Of the two methods, GPA has been better validated than the recently introduced VFI-based trend-based analysis and has been shown to be comparable to objective clinical assessment of VFs for progression.15 We therefore considered GPA as the standard and evaluated the diagnostic accuracy of the new trend-based analysis to determine VF progression. We found that the trend-based analysis had a high specificity of around 90% to determine progression. Very few eyes had VF progression on the trend-based analysis when the event-based analysis indicated stability. The sensitivity of trend-based analysis to determine progression was, however, lower and was only around 60%.

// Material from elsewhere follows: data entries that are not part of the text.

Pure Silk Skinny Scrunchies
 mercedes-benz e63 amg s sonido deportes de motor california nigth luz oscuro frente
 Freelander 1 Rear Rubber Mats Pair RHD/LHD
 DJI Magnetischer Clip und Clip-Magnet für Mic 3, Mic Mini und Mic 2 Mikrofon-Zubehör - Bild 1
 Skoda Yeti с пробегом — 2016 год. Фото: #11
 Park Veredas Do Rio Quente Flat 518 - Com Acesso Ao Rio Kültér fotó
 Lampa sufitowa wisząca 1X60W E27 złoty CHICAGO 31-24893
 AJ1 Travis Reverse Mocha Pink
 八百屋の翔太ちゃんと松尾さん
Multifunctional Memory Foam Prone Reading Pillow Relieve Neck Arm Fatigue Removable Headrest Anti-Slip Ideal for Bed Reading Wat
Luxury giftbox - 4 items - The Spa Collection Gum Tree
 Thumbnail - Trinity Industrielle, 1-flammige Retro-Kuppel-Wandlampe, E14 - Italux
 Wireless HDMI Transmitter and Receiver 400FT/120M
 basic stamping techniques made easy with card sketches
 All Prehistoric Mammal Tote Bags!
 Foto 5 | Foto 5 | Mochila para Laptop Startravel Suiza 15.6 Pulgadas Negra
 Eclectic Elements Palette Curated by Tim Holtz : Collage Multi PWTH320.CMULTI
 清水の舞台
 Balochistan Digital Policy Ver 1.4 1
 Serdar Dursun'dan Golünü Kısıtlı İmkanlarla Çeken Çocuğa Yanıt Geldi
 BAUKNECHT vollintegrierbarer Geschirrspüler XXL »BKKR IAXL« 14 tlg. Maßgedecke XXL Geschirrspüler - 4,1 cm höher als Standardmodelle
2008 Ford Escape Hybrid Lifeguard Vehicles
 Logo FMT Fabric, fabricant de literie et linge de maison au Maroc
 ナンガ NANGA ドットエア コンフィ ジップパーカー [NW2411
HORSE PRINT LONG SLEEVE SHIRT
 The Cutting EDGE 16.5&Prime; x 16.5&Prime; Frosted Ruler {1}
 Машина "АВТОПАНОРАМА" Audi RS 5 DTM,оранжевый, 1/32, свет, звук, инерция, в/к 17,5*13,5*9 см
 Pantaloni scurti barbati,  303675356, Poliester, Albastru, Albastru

In eyes judged as progressing by both the methods, we evaluated the time to detect progression by each of the methods to determine which method detected progression early. Though the event-based analysis detected progression slightly earlier than the trend-based method, this was not statistically significant. Earlier studies have found that the event-based analysis detected progression significantly earlier than trend-based methods.8, 11 We might have failed to detect a significant difference in time to progression between the methods because of our sample size. It may also be because of our practice of getting frequent VF tests done in subjects suspected to be progressing. Though the median number of VFs done per year in our patients was 1 (IQR: 0.8–1.3), the range was from 0.5 to 3, which meant that some patients had VFs done once in 2 years and some had three VFs in a year. It is important to note here that glaucoma progression is a time related function with most patients showing evidence of VF progression if tested frequently enough and long enough.8, 22 However, the frequency of VFs performed in any patient depends on the level of suspicion for progression, and with the trend-based methods especially, depends on the variability of the monitored VF parameter and the amount of change in the parameter that is clinically significant.23

The important limitation of this study and in general of studies comparing event- and trend-based progression analyses is the dependency of the results on the criteria used to define progression. On the trend-based analysis, we defined progression as any negative slope worse than −1% per year with a P-value of <5%. Most of the previous studies evaluating trend-based analyses have ignored the magnitude of the slope and only considered the P-value associated with it.11, 24, 25, 26 Our approach appears to be less sensitive (and more specific) than other studies. Employing a criterion that did not consider the magnitude of the slope could have increased the sensitivity (at the cost of specificity) of the analysis to detect progression.

In conclusion, the agreement between event-based and trend-based analysis provided by the Guided Progression Analysis software to determine VF progression was only moderate. Considering the event-based analysis results as standard, the trend-based analysis of VFI had a high specificity but a low sensitivity to determine VF progression. Event-based GPA seemed to detect progression earlier than trend-based analysis, but this wasn’t statistically significant.